We then moved on to a celebration brunch and had booked the most wonderful venue, with a balcony overlooking the city. A great chance to catch up with everyone, share some food and drinks and to celebrate this truly magical family that we had developed into. Remember by this time we had been living together for over a year so for some of the professionals it was lovely for them to see what we had developed into during this short time. Just how much the boys had grown emotionally and how much more settled they were.
The boys were great, they loved catching up with their friends and their kids and enjoyed the venue. I had ordered lots of balloons and had provided several colouring and sticker books for the children which helped to keep them occupied as the adults caught up. Stepping back and becoming an observer on several occasions I had this smile on my face and in my heart.
I delivered a small speech off the top of my head as I wanted to thank each and every person in that room who had been part of our journey and part of our becoming a family. In my usual style I got a bit emotional near the end and my lovely husband stepped in to save the day.
Emotions were flowing stronger than normal as some key people were missing on that day. Both sets of our parents were unable to come – my parents because my Mum, who had been battling with cancer for 3 years, was very sick and could not face the journey from Cornwall and my in-laws as they were away and had booked this trip way before our celebration date was confirmed. It felt sad and wrong going ahead without them, and boy do I wish we could have changed it so that they were all able to attend but it also was something we needed to do. I love them dearly and missed them so much on that day.
Emotions were also flowing a lot deeper than normal as we had to face some tough news the previous December and this will be discussed in future posts. It made the day even more meaningful and doubly emotional. To think how far we had all come in the 12 months of living together, how much the boys had developed and matured and just how much happier they were in their own skin.
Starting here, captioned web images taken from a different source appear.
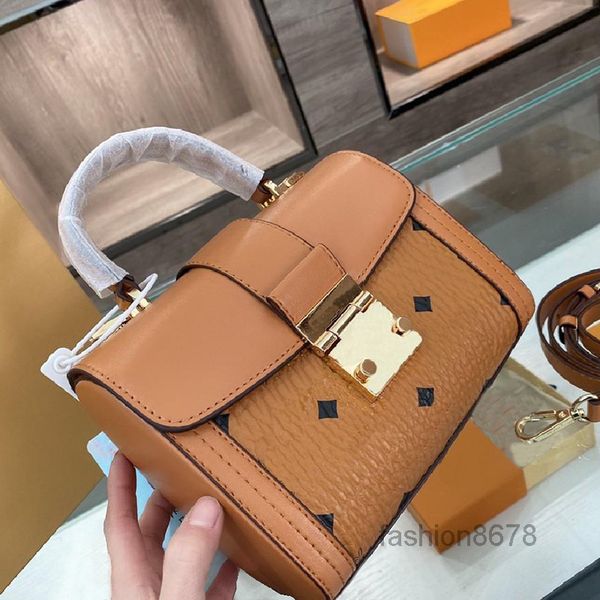 

evening bags pink sugao women handbag designer tote bag lady shoulder bags 4 colors fashion purse genuine leather handbags multi pochette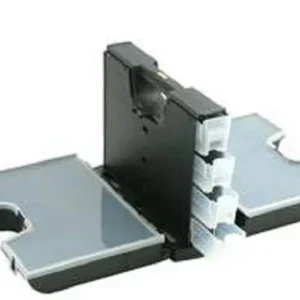 Solo questa settimana - STANLEY VALIGETTA 2 SCOMPARTI +CASSETTIERE 192050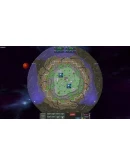 Creeper World 3: Arc Eternal Steam Gift Россия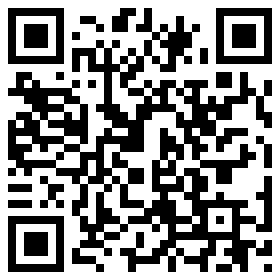 qrcode für DIGITUS DN-81623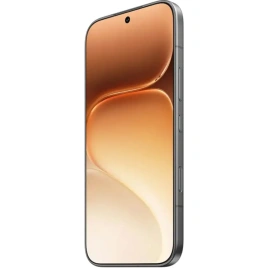 Смартфон Honor 600 12/512Gb Black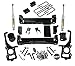 Superlift 9931 Comp Box -Cross members 15-804260097653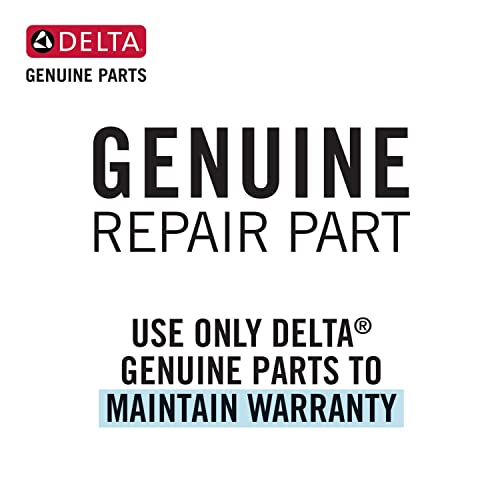 Delta Universal Rough-In Valve w/ Service Stops 1/2 in. NPT Male 1/2 in. C.W.T Female Sweat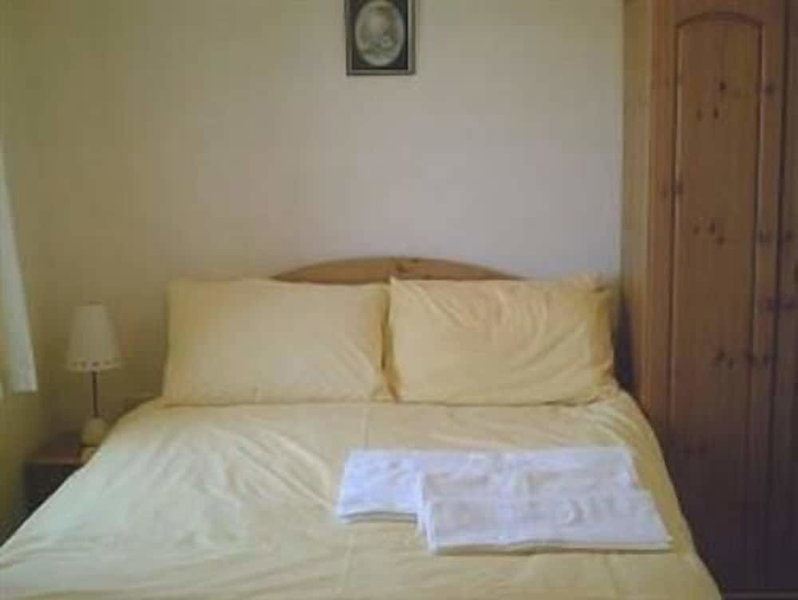 Glebe Farm Apartments, Market Rasen, United Kingdom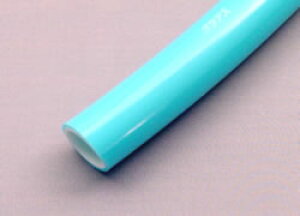 Om OAXz[X 15×20mm 10MJbg pXeu[ | z[X K[fjO U Uz[X | Ő  Tz[X  ܂  z[X Upi |pi K[fjOp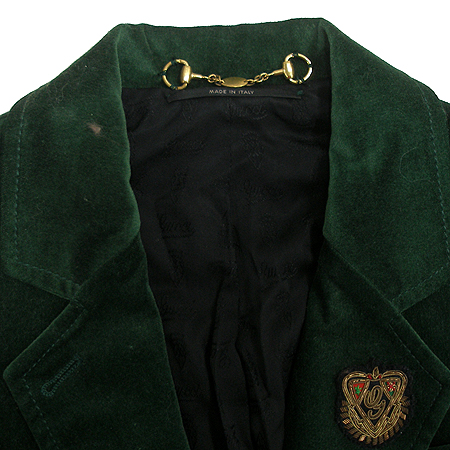 Gucci(����) ���� �̹���2 - ���̺��� �߰���ǰ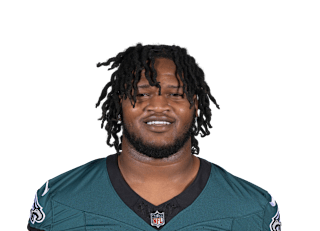 Jalen Carter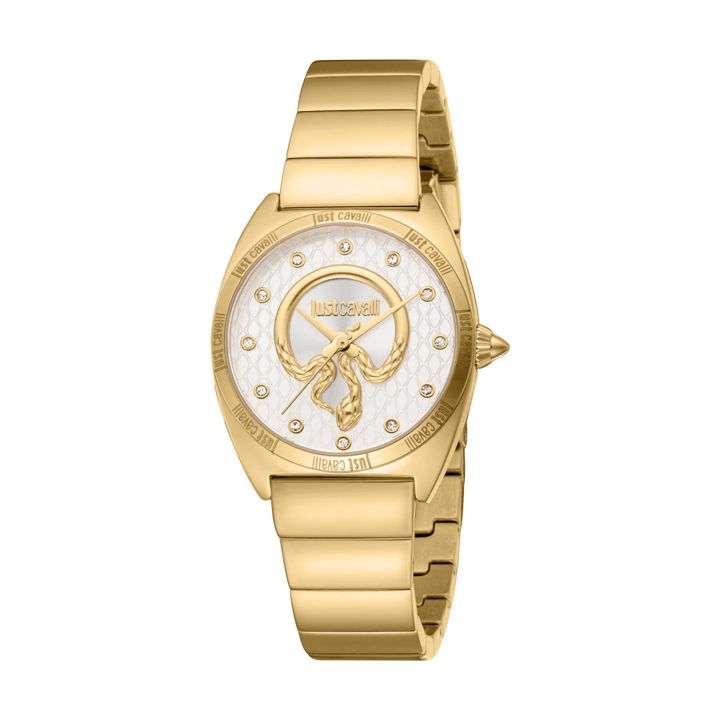 just-cavalli-jc1l329m0055-qalis-saati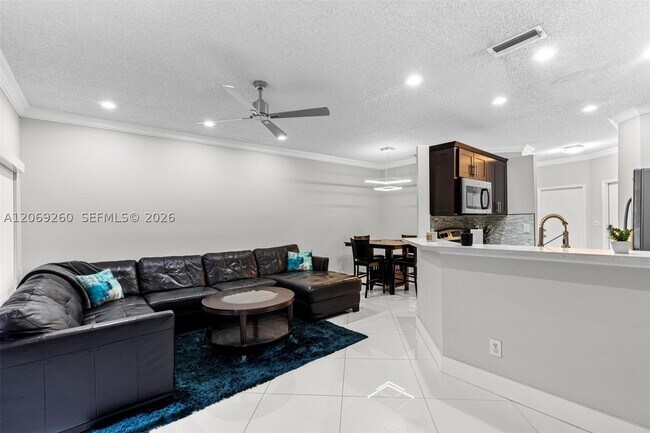 Foto del edificio - 12110 SW 2nd St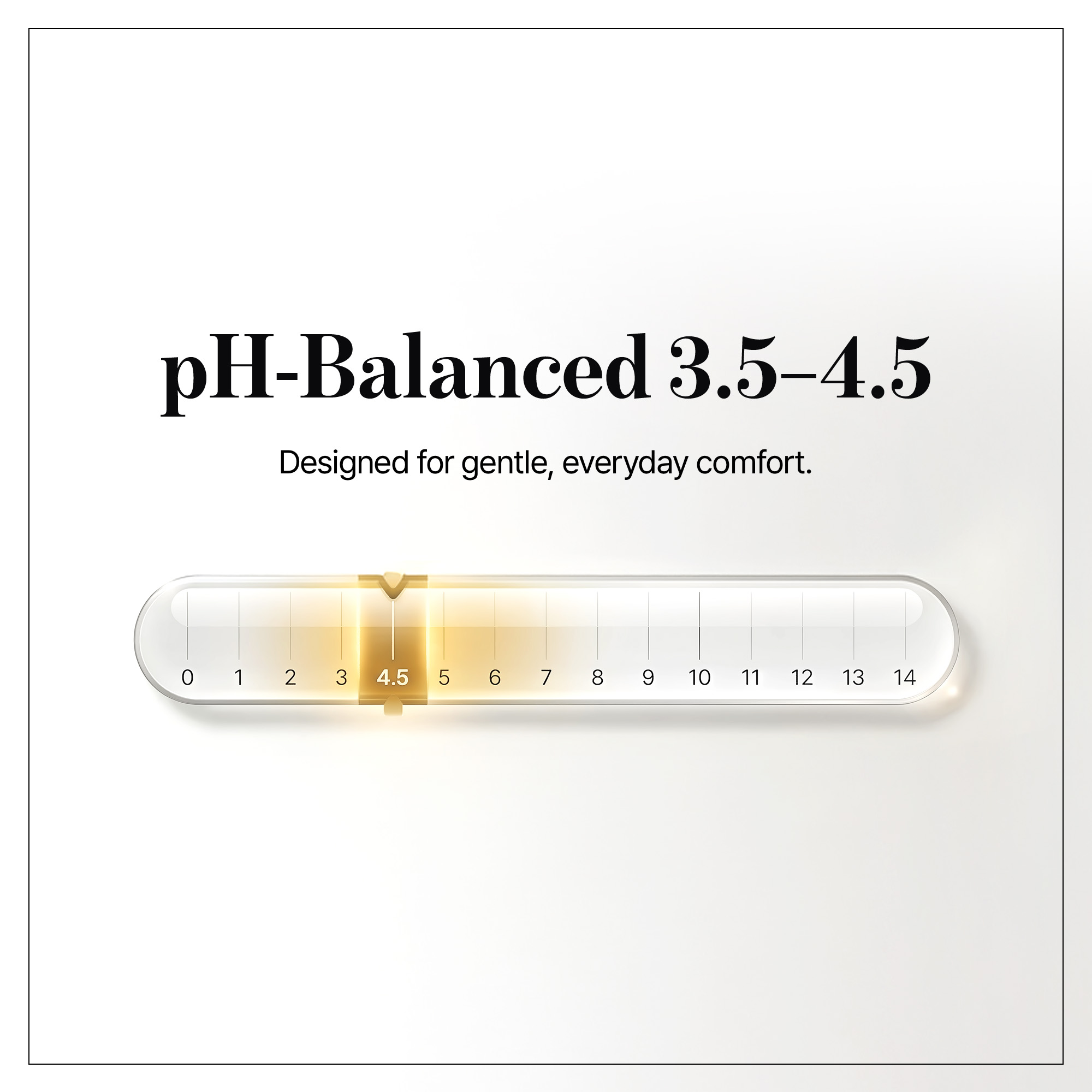 listing_image_3 - final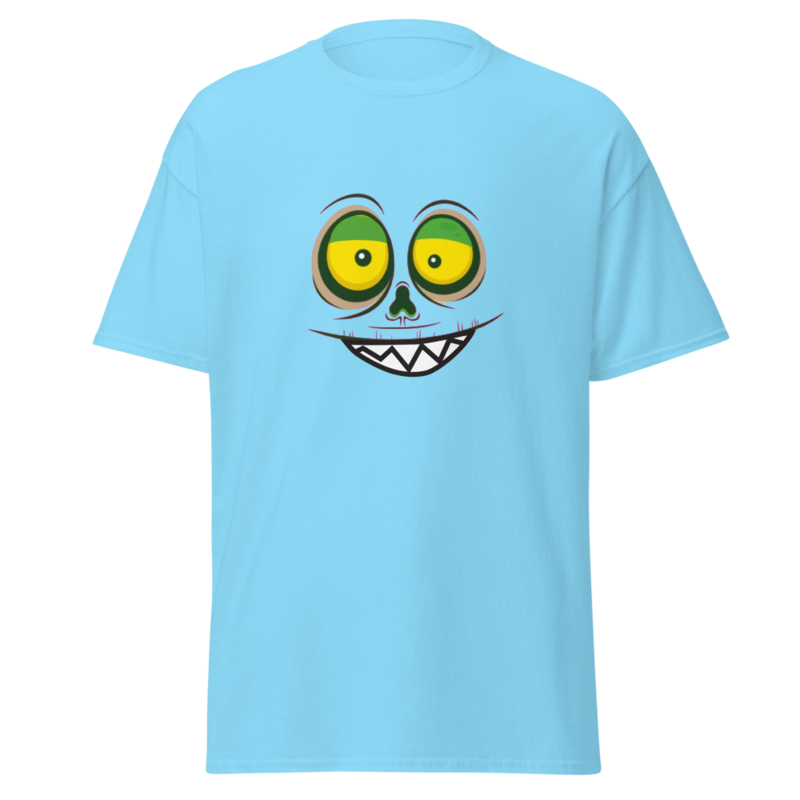 Eyes Here TshirtFeminist TeeToy Eyes Doll Eyes Vintage Fashion Iconic ShirtEyes TapestrEyes Amiguru 10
The day went on long into the late afternoon. The boys were happy playing with their mates, we were happy seeing them happy and catching up with our closest friends – so why end it early? A great sense of pride hit me. Proud of the boys and how they had handled the day, which let’s face it is destabilising for anyone let alone children with their past. Proud of just what we had achieved as a family unit and proud to be able to stand up and shout from the rooftops, ( ok maybe not that publicly), that this is us, our family!
Would I have changed anything about the day? Yes – the ability to do it all again with both sets of parents present. Desperately wishing that my mother had not been so sick with cancer.
So for anyone planning their Celebration Day, don’t be nervous, don’t panic. It is YOUR day, your chance to just be, just be the family you are meant to be and to share this wonderful event with those you love.
Would I do it all again? Hell yeah!
So here I am back, back from what feels like outer space and ready to carry on writing and sharing our adoption roller-coaster ride. Hold tight again, as it’s gonna be tough in places but amazing fun in others.